You tend to think of Sonic Youth more as a force of nature than just a band. The New York noisemeisters’ music has become the defining standard for a whole wing of underground rock, where they’re something like patron saints--young bands name themselves after Sonic Youth records.
A product of the alchemy between rock ‘n’ roll’s aggression/release and the art world’s heavy irony, their music expresses social decay and psychological breakdown with harrowing immediacy. Even the most committed disciple of dread might find Sonic Youth a little daunting.
At the Hollywood Palladium on Friday, Sonic Youth canned the mystique and just played like a rock ‘n’ roll band.
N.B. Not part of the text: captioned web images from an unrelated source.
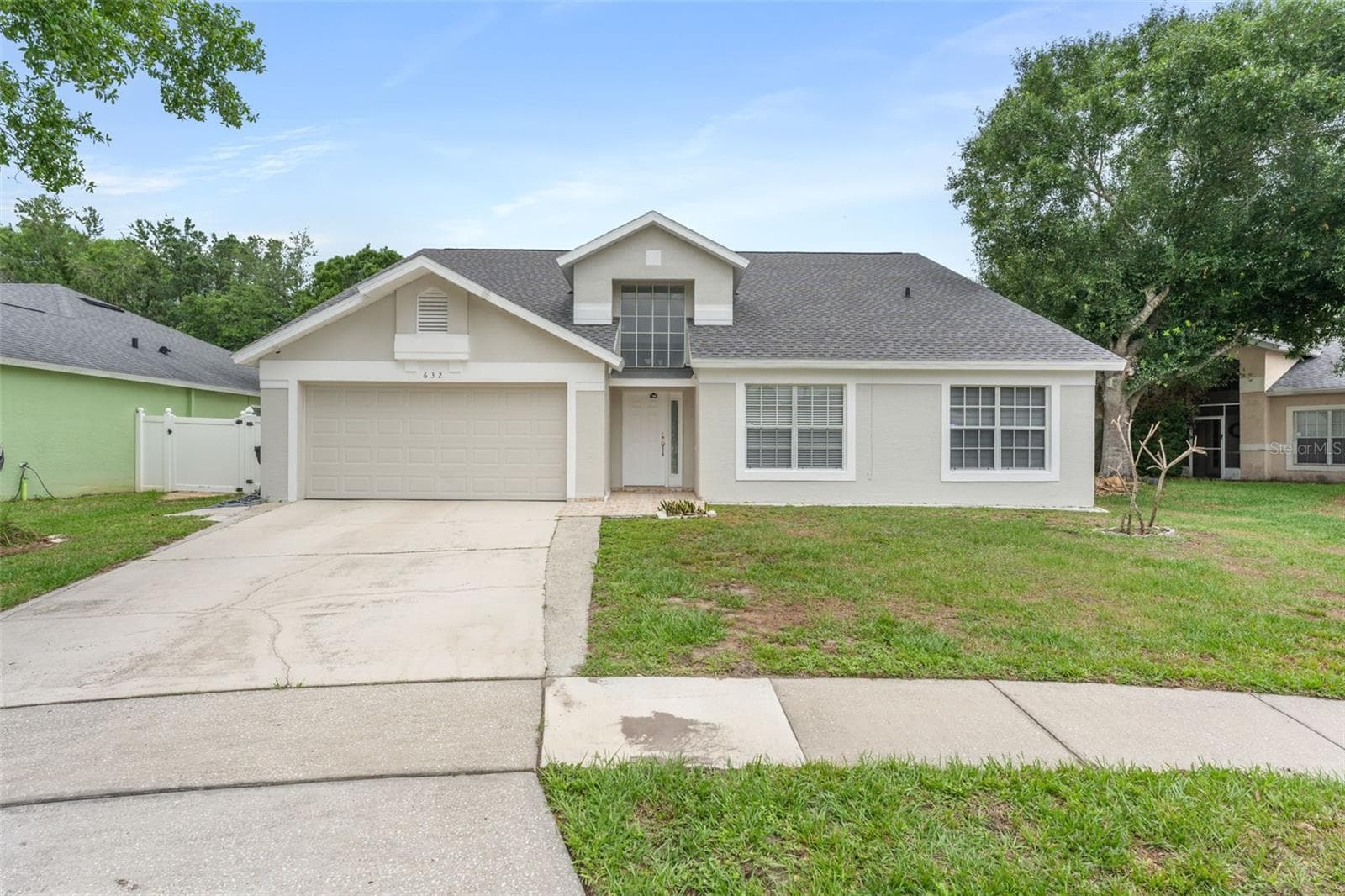 632 HERONS NEST CT
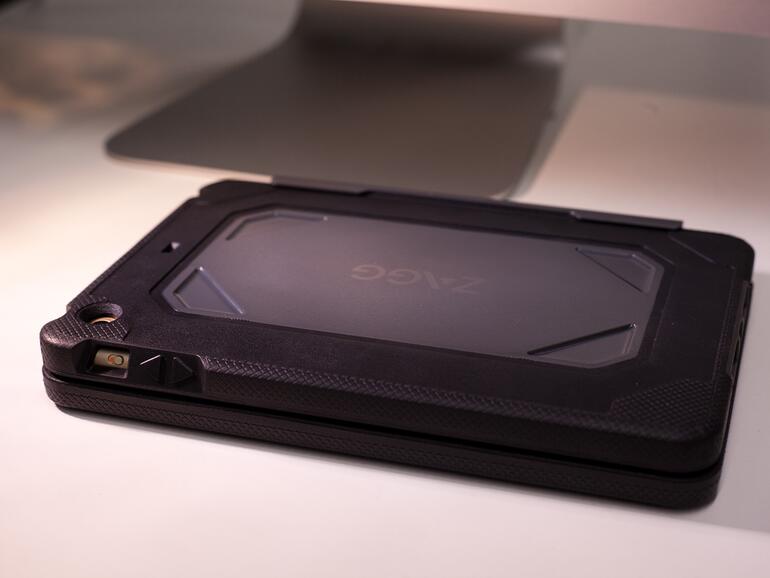 Das Rugged Folio für iPad mini zugeklappt und bereit, auf Reisen zu gehen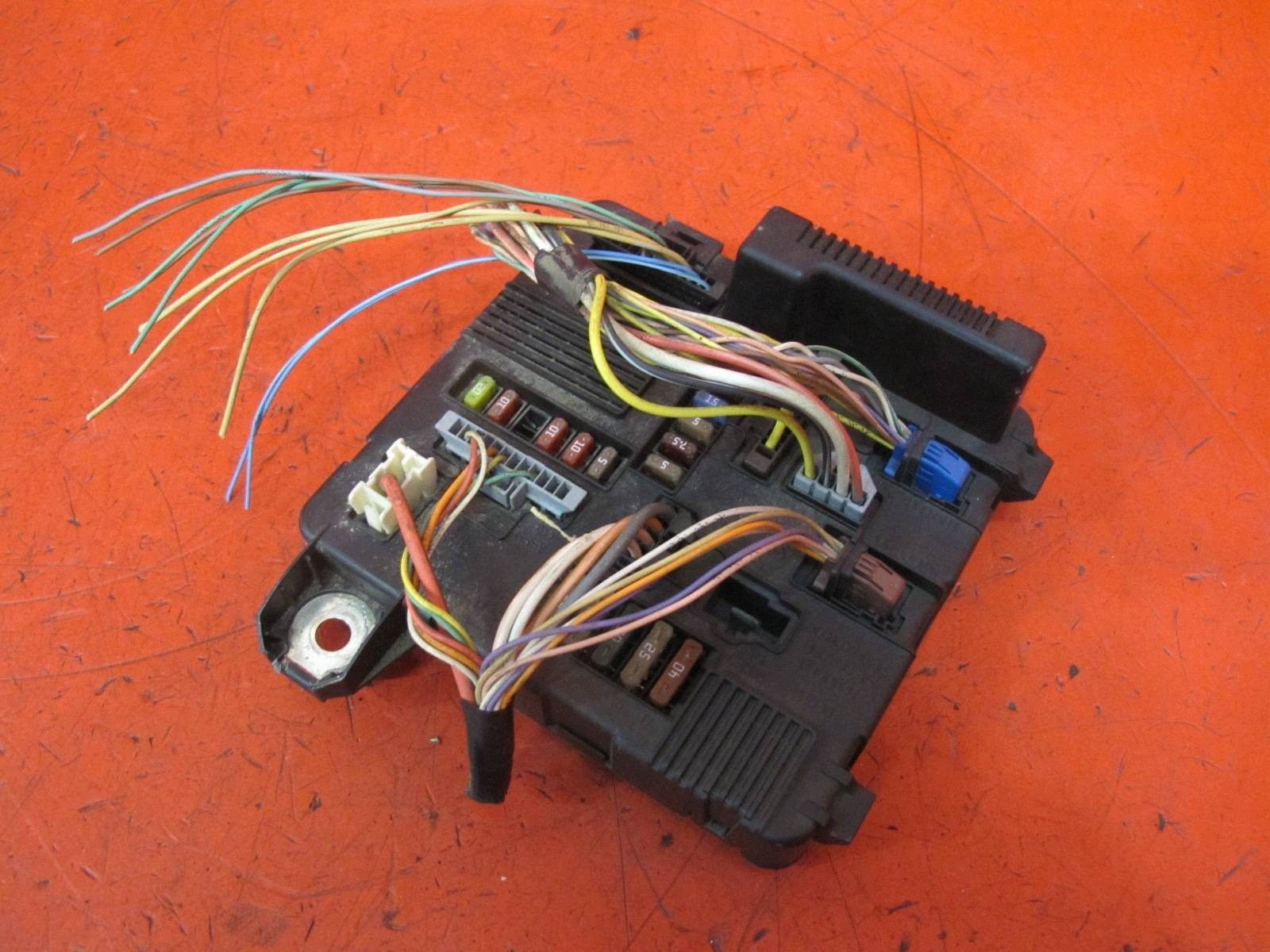 RENAULT SCENIC II 2 MEGANE II module unité de commande électronique uce boîte UPC 8200306032C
Lee Ranaldo might have jammed a screwdriver under his guitar strings on some songs, but the set was always hard-driving and forward moving, with Steve Shelley whaling away at the drums as if he were pushing the Ramones.
They weren’t quite as friendly as New Kids on the Block, but there was no studied aloofness: How remote could they be when members Thurston Moore and Kim Gordon were out in the audience checking out their friends STP, a New York girl punk band that opened the three-act show?
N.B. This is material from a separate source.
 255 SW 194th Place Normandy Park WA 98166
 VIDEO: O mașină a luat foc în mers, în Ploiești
The demystification coincides with Sonic Youth’s surge from rock’s hidden recesses into at least the twilight of the mainstream. The band’s new album “Goo” is the first of seven to be on a major label, and headlining the 4,400-capacity Palladium marked a huge and sudden increase in drawing power.
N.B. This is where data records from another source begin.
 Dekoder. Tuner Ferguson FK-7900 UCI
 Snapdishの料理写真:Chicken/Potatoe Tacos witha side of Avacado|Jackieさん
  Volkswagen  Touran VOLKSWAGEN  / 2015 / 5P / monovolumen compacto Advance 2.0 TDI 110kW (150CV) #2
Does selling tickets add up to selling out? “Goo” might be lighter in theme than earlier records, but there weren’t any apparent concessions to commercialism during Sonic Youth’s 80 minutes on stage Friday. The band hit some amazing grooves as it mounted its massive, burrowing sound, its roars and whoops and construction-site uproar inspiring stage-divers on the physical plane and art students on the cerebral.
For a group of musicians who started as anarchists in the dark, they’ve acquired a few chops. Concentrating like a string quartet as they raced around atop skittering rhythms, they showed the touch and intricacy of a fusion band. The occasional strobe light and projected design conspired with the free-form jams to suggest a Fillmore flashback, and every now and then the players all hooked up and clattered off like a hellbound train.
But they were also true to their roots: The set ended with a raw spasm of shrieking and guitar-smashing, all being shot for what Moore kept calling their “big video.” They haven’t lost their irony either.